__Work request__
What is needed here is an exact copy of all the data.

__Dataset extract__

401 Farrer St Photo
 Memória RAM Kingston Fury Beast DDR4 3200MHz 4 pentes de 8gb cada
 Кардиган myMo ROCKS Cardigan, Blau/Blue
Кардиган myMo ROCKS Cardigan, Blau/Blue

__Answer to this problem__
401 Farrer St Photo
 Memória RAM Kingston Fury Beast DDR4 3200MHz 4 pentes de 8gb cada
 Кардиган myMo ROCKS Cardigan, Blau/Blue
Кардиган myMo ROCKS Cardigan, Blau/Blue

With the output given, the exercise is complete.